- _Task brief_
Print exactly the lines below between the line containing "Sweet Land of" and the line containing "Bstcar kawaii cat", counting both of those lines. Leave pictures out.

- _Records shown_
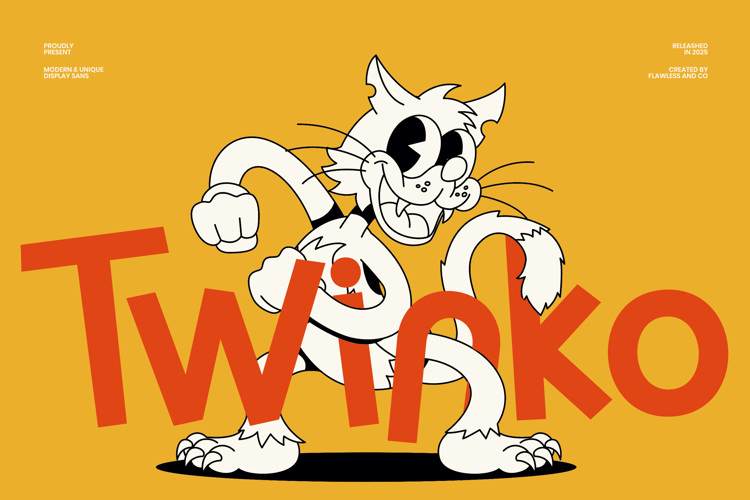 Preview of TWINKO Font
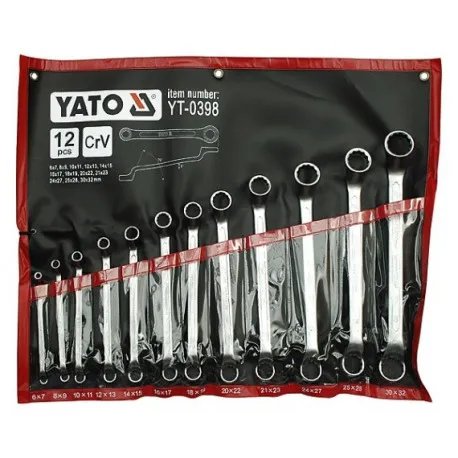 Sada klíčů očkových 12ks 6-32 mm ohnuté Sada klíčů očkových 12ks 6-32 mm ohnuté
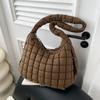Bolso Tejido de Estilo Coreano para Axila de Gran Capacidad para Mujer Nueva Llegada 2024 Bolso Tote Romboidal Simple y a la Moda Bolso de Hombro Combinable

==

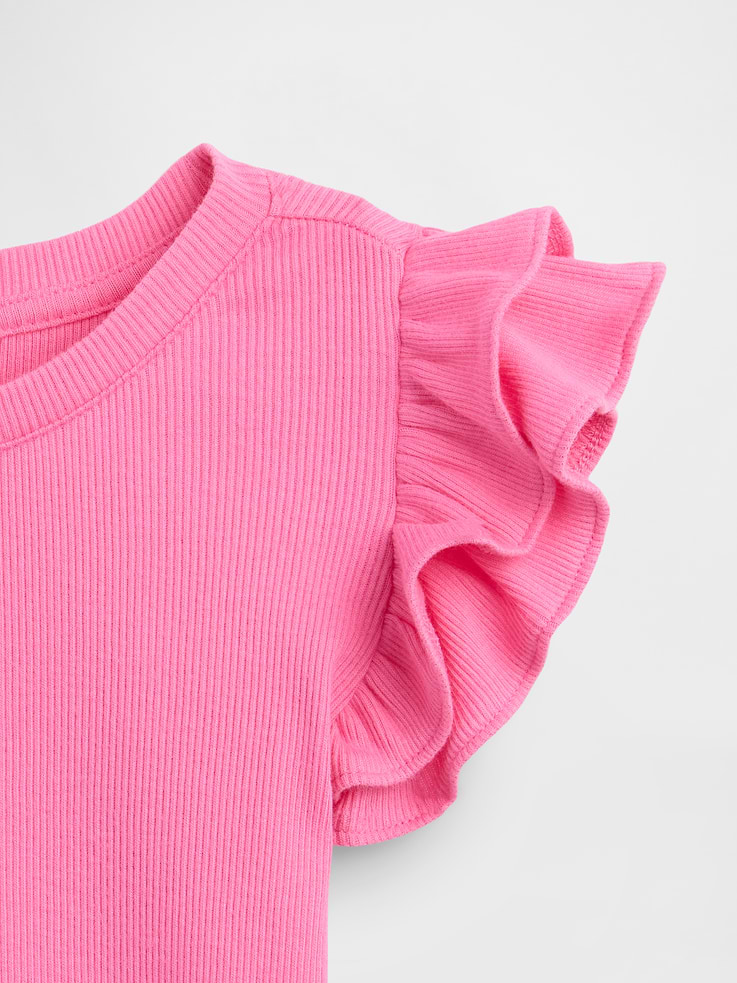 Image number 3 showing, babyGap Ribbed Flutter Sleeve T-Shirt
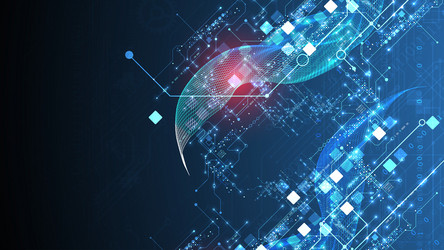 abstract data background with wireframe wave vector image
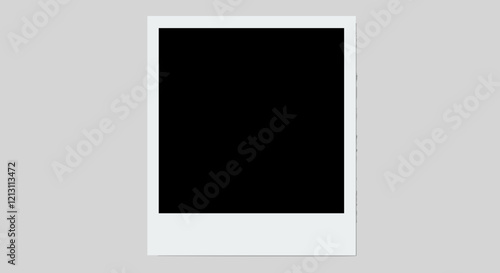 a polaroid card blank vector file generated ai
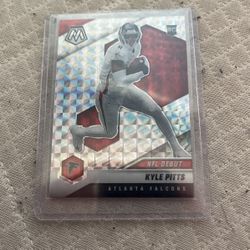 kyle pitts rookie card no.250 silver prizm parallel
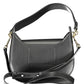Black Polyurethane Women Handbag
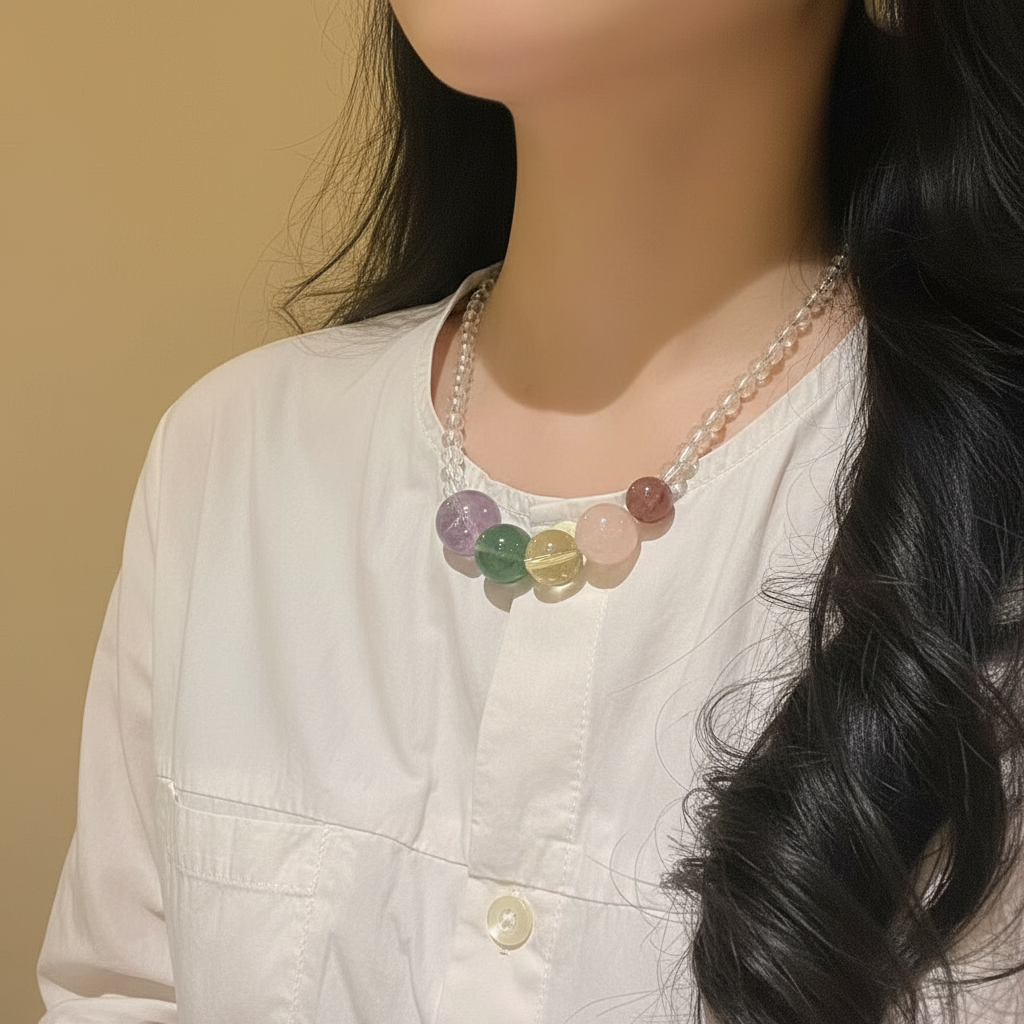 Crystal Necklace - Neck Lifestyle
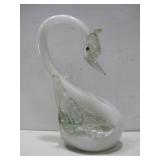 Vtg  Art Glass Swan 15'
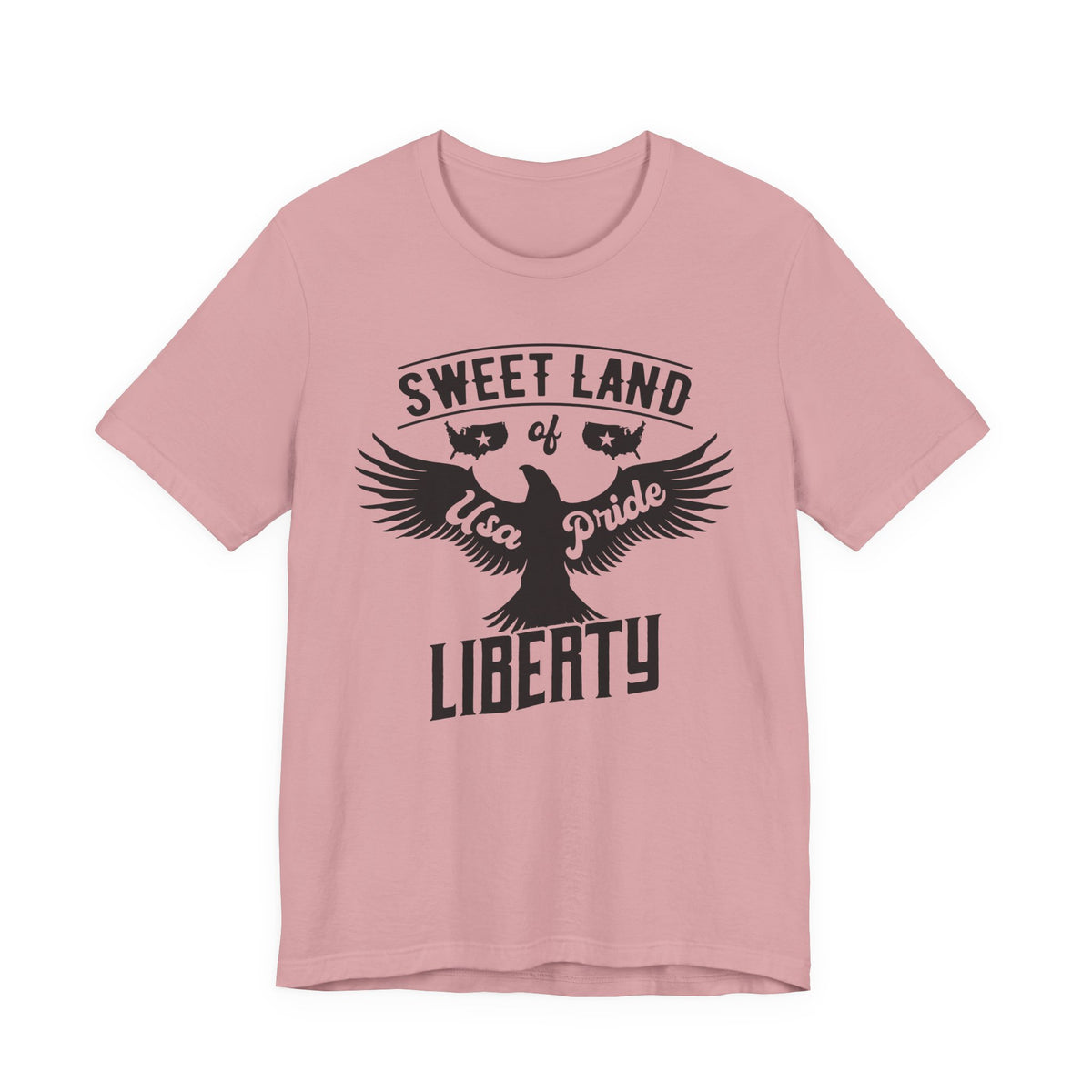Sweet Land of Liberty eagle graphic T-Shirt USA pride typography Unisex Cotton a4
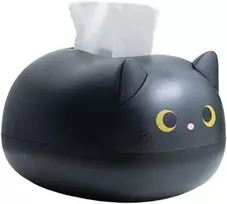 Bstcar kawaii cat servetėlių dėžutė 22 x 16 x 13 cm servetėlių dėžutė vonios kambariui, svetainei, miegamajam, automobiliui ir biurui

- _Written response_
Sweet Land of Liberty eagle graphic T-Shirt USA pride typography Unisex Cotton a4
 Bstcar kawaii cat servetėlių dėžutė 22 x 16 x 13 cm servetėlių dėžutė vonios kambariui, svetainei, miegamajam, automobiliui ir biurui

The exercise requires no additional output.